A couple months ago, I wrote about what tempo runs are and why they are important for training. Today, I want to discuss a specific type of tempo run: threshold intervals. Between all you hear about shorter interval repeats and traditional tempo runs, threshold intervals do not get a lot of attention. However, threshold intervals offer tremendous benefits to your running, whether you are in the last few weeks before a 5K or 10K race or training for a half or full marathon.
Threshold interval are essentially tempo runs cut into pieces with a bit of recovery in between each interval. Adding in the recovery intervals decreases the stress running at a hard pace places on your body, thus maximizing your training while minimizing your risk of injury. They were popularized under the similar names of “cruise intervals” by running coach Jack Daniels and “tempo intervals” by running coach Greg McMillan.

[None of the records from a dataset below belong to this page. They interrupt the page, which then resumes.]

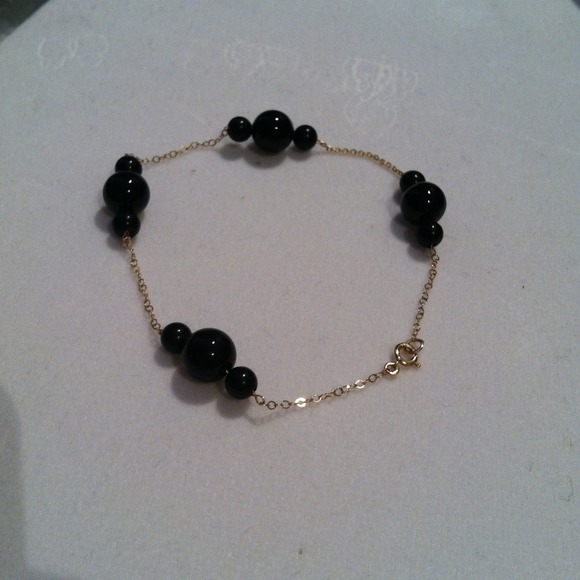 Onyx on 14k gold bracelet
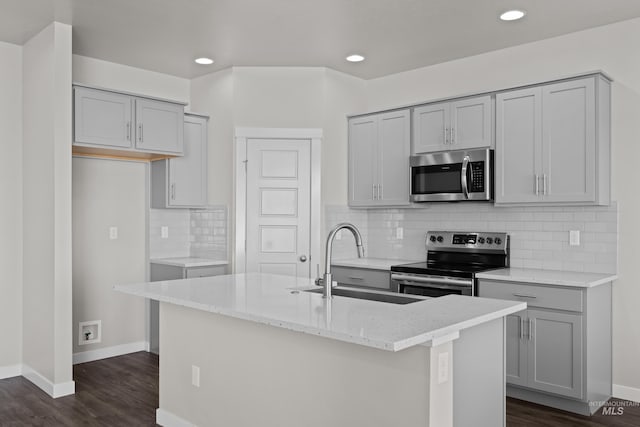 kitchen featuring dark wood finished floors, light stone counters, appliances with stainless steel finishes, gray cabinets, and a sink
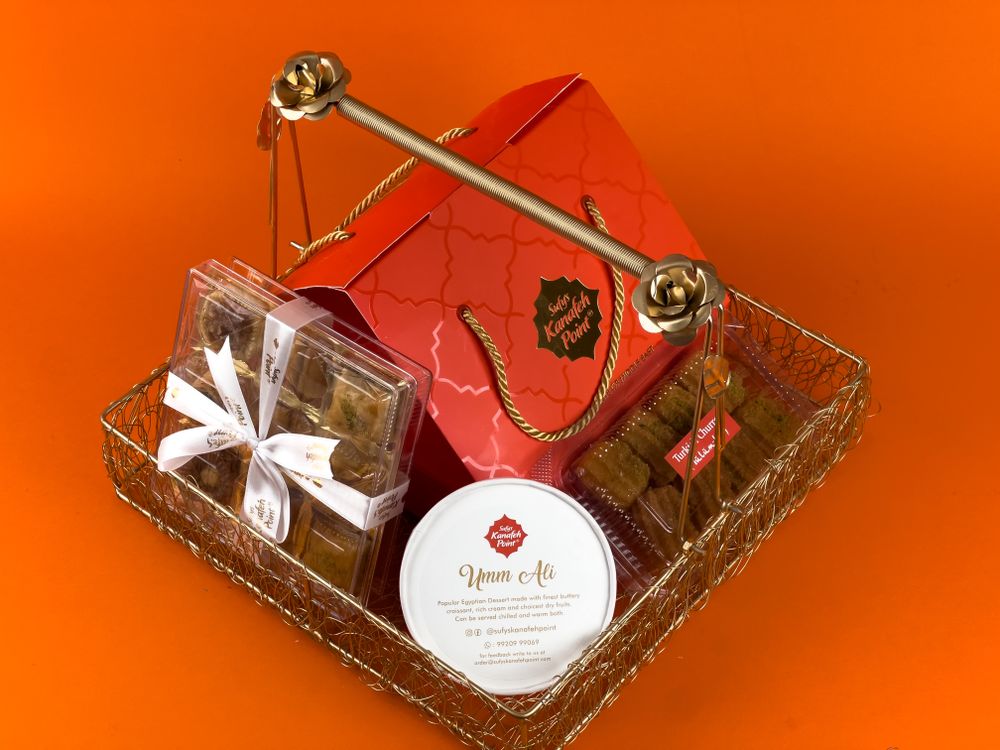Luxurious corporate gift basket with chocolates, sweets, and pralines for the holidays
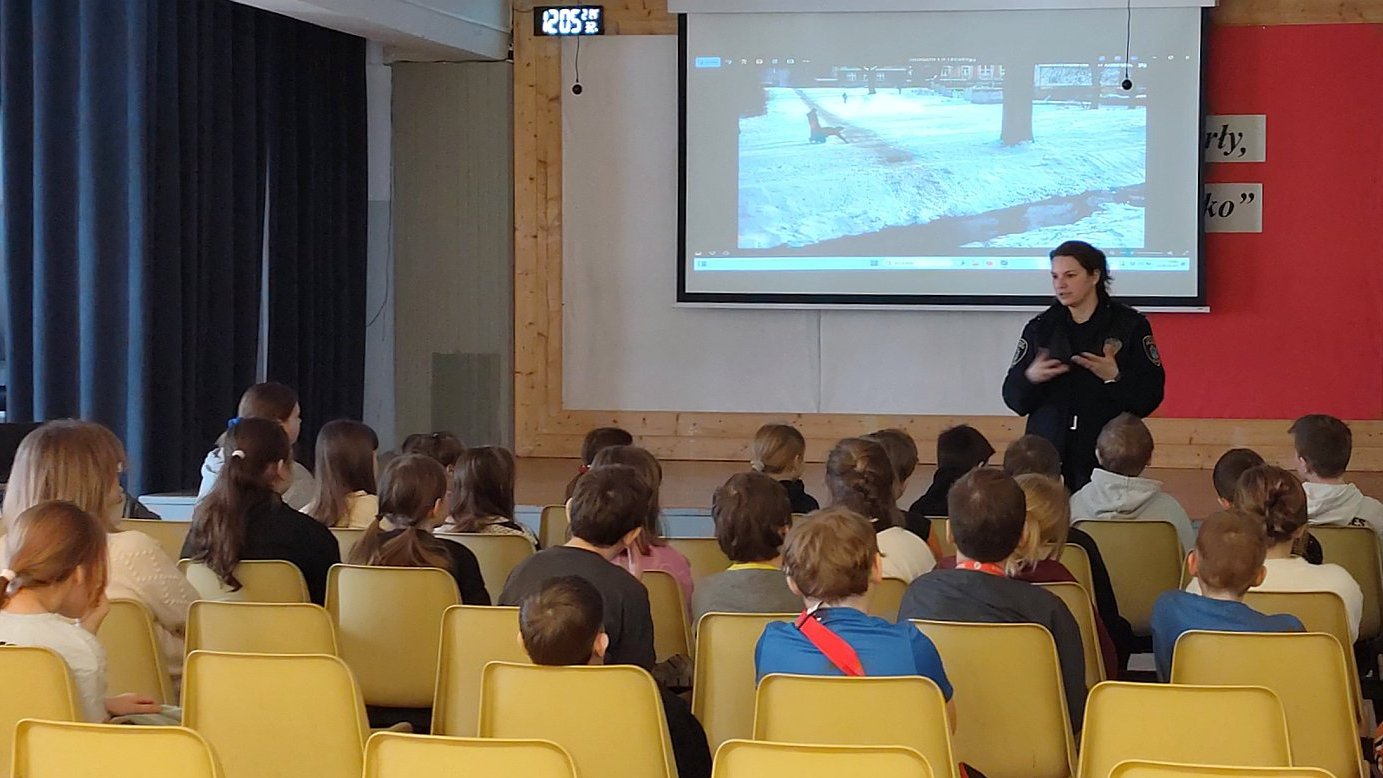 strażniczka z uczniami omawia bezpieczne zachowania na sankach ilustrowane na prezentacji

Cruise intervals are typically shorter in duration than tempo intervals, but since they are both run at threshold pace, both are a type of threshold interval.

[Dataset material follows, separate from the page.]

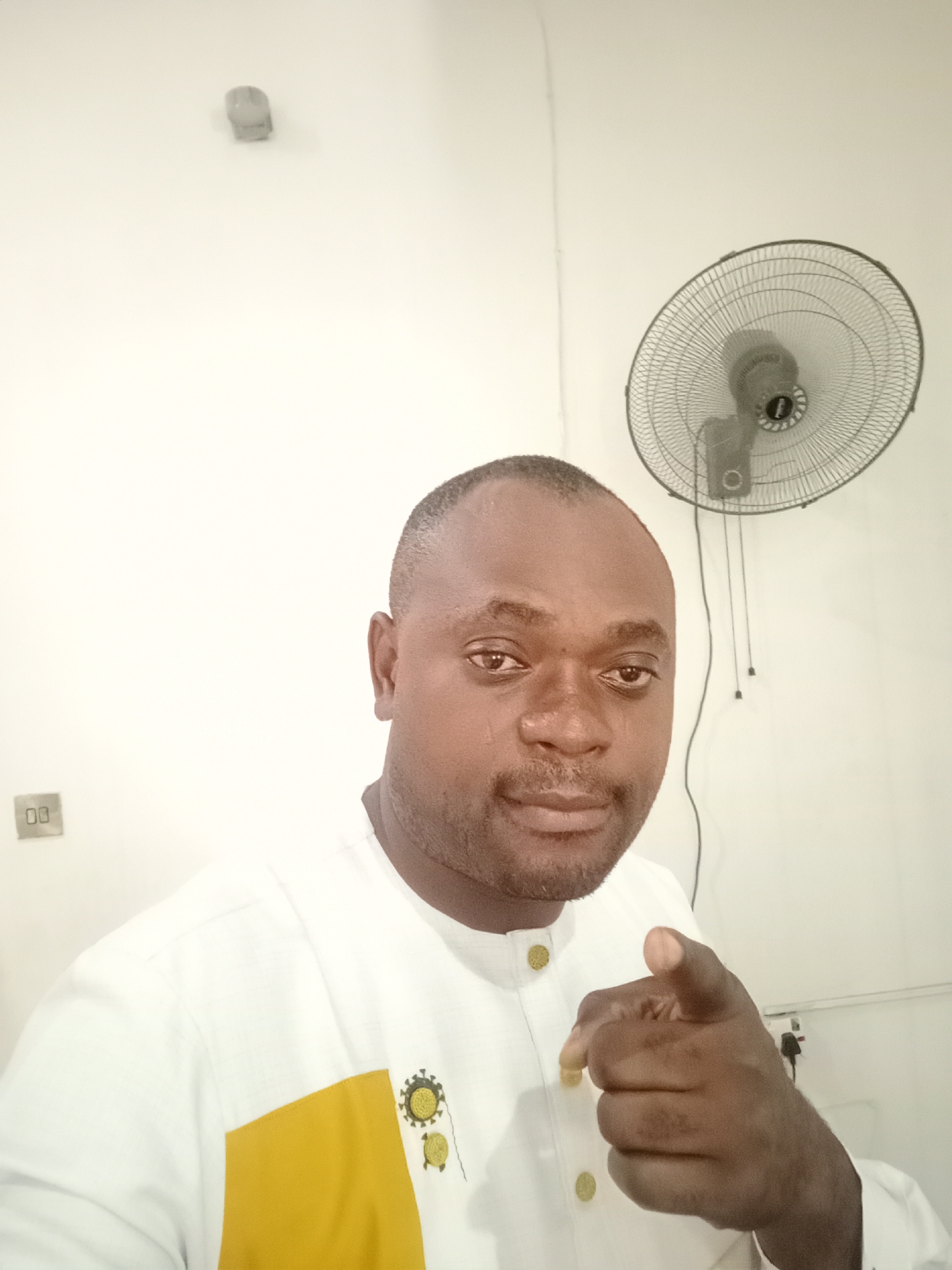 A man is indoors in what appears to be a home or office setting. He is pointing directly at the camera with his right hand. The man is wearing a white shirt with a yellow patch on the left side of his chest, adorned with small gold buttons. He appears to be of African descent.
Behind him is a plain, light-colored wall. Mounted on the wall is an electrical outlet and an oscillating fan. The location is potentially Gwarinpa, Nigeria.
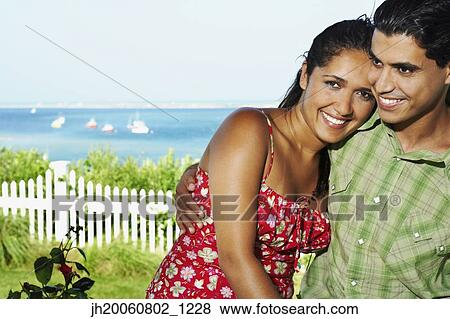 Young couple hugging outdoors View Large Photo Image Stock Photo - Young couple hugging outdoors. Fotosearch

What do I mean when I say threshold? Threshold refers to a specific pace in training. Jack Daniels, who has his PhD in exercise physiology and wrote perhaps the greatest running book of the 20th century (Jack Daniels Running Formula), devoted a lot of his research and makes his athletes devote a lot of their training to threshold pace. Daniels describes threshold pace as the pace where if you go any faster, your blood will being to accumulate lactic acid at too quick of a rate and you’ll become quickly fatigued. Since threshold paces pushes that fine line, training at it teaches your body to better remove lactic acid and in turn run for longer at faster distances.
Threshold pace, also known as tempo pace, is very closely related to your 10K to half marathon pace. When you run traditional tempo runs, you are usually running somewhere around your 10 miler to half marathon pace. When you sprinkle in brief intervals of recovery, as you do in threshold intervals, you can run slightly faster for slightly longer without accumulating excess lactate. So your pace for threshold intervals is at the higher end of your lactate threshold, usually around your 8K to 10K pace.
So threshold intervals are repeats at roughly your 8K to 10K pace. To maximize the benefits of the workout, you keep your recovery between the intervals short, usually 1-5 minutes depending upon the duration of the interval. Since these are longer intervals, you don’t do a lot of repeats; depending on the distance, you will only run 2-4 repeats.
So, for example, a common threshold interval is mile repeats run at 10K to half marathon pace. Threshold intervals usually last anywhere from ½ mile (800 meters) to 3 miles, depending on for which distance you are training. McMillan and the Hansons brothers (the coaches behind the popular Hansons Marathon Method) both recommend a workout of 2-3 x 2 miles @10K or 10 mile pace with a short recovery. The total duration of work at threshold pace is 3-6 miles during these workouts.
The Hansons Marathon and Half Marathon Methods actually use threshold intervals on a weekly basis during the second half of the training plan, which is probably one of the reasons runners experience such success off of their plans. Threshold intervals take the place of shorter and more intense speed intervals (your traditional 400m-1600m track workouts) for longer and less intense threshold intervals ranging from 6 x 1 mile to 2 x 3 mile.
Why should you run threshold intervals? This adaptable workout offers a multitude of benefits for runners. For runners transitioning from base-building season to specific race training, threshold intervals help prepare their bodies for harder and longer efforts such as long runs and tempo runs. For runners preparing for 5K and 10K races, threshold intervals offer both the benefits of shorter track workouts, such as improved running economy, and of tempo runs, such as increased lactate threshold.
Threshold intervals teach your muscles and your mind to work through the discomfort of lactic acid accumulation. While you do not accumulate as much lactic acid as you would during a tempo run, you still accumulate enough to experience discomfort. By teaching yourself to run through that discomfort, you are preparing your mind and body for the last few miles of the race. Like tempo runs, threshold intervals also train your muscles to remove lactic acid at a faster rate, thus helping improve your ability to run faster for longer. Additionally, threshold intervals improve how efficiently your body is able to use energy when you run.
Threshold intervals also teach you how to pace yourself, which is essential for runners of all distances. The pace may seem easy during the first interval, but if you go out too fast you will struggle to keep the pace by the last interval!
Want to try a threshold interval workout? I have one to share with you! As with all tempo and speed workouts, you want to begin and end with at least a mile warm-up and cool-down. Warming up and cooling down eases your body into and out of the harder effort, which helps you hit your paces and reduces your risk of injury. For newer runners, I suggest running at your half marathon pace; for more advanced runners, run these around your 10K pace or 10K pace plus 10 seconds. While you could do this workout on a track, a larger loop or stretch of road is better both mentally and physically!
Have you ever used threshold intervals in your training?